Il n’a pas de nom sanscrit, ni même persan ou arabe. J’ai émis jadis l’hypothèse que le Kussemeth des Hébreux pourrait se rapporter à cette plante, mais cela me parait maintenant difficile à soutenir.

Marschall Bieberstein[2] avait indiqué le Tr. monococcum spontané, au moins sous une forme particulière, en Crimée et dans le Caucase oriental.

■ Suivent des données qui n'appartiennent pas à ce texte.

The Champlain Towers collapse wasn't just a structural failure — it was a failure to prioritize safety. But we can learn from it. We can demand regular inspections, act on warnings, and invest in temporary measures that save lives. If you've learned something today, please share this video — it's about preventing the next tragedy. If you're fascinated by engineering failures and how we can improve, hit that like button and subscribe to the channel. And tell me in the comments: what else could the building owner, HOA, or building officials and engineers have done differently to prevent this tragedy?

Aucun botaniste n’a confirmé cette assertion. Steven[3], qui vivait en Crimée, déclare qu’il n’a jamais vu l’espèce autrement que cultivée par les Tartares. D’un autre côté, la plante que M. Balansa a récoltée, dans un état spontané, près du mont Sipyle, en Anatolie, est le Tr. monococcum, d’après J. Gay[4], lequel assimile à cette forme le Triticum bæoticum, Boissier, spontané dans la plaine de Béotie[5] et en Servie[6].

En admettant ces faits, le Triticum monococcum serait originaire de Servie, Grèce et Asie Mineure, et, comme on n’est pas parvenu à le croiser avec les autres Épeautres ou les froments, on a raison de l’appeler une espèce, dans le sens linnéen.

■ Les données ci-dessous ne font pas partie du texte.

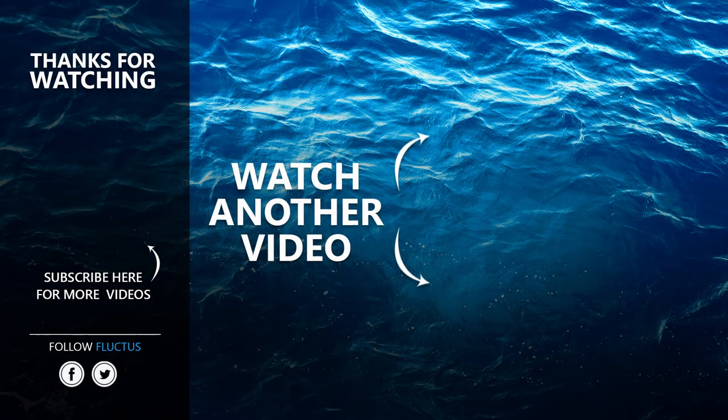That's the end of this video. I hope you enjoyed it. Make sure to subscribe to this channel so you don't miss any of our new content.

Quant à la séparation des froments à grains libres et des Épeautres, elle serait antérieure aux données historiques et peut-être aux commencements de toute agriculture. Les froments se seraient montrés les premiers, en Asie ; les Épeautres ensuite, plutôt dans l’Europe orientale et l’Anatolie. Enfin, parmi les Épeautres, le Tr. monococcum serait la forme la plus ancienne, dont les autres se seraient éloignées, à la suite de plusieurs milliers d’années de culture et de sélection.

Orge à deux rangs. — Hordeum distichon, Linné.

Les Orges sont au nombre des plus anciennes plantes cultivées. Comme elles ont à peu près la même manière de vivre et les mêmes emplois, il ne faut pas s’attendre à trouver chez les auteurs de l’antiquité et dans les langues vulgaires la précision qui permet de reconnaître les espèces admises par les botanistes. Dans beaucoup de cas, le nom Orge a été pris dans un sens vague

  1. Heldreich, Nutzpflanzen d. Grichenlands.
  2. M. Bieberstein, Flora tauro-caucasica, vol. 1, p. 85.
  3. Steven, Verzeichniss taur. Halbinseln Pflanzen, p. 354.
  4. Bull. Soc. bot. de France, 1860, p. 30.
  5. Boissier, Diagnoses, série l, vol. 2, fasc. 13, p. 69.
  6. Balansa, 1854, n. 137, dans l’Herbier Boissier, où l’on voit aussi un échantillon trouvé dans les champs en Servie et une variété à barbes brunes envoyée par M. Pancic, croissant dans les prés de Servie. Le même botaniste de Belgrade vient de m’envoyer des échantillons spontanés de Servie que je ne saurais distinguer du Tr. monococcum. Il me certifie qu’on ne cultive pas celui-ci en Servie. M. Bentham m’écrit que le Tr. bæoticum, dont il a vu plusieurs échantillons d’Asie Mineure, est, selon lui, la monococcum.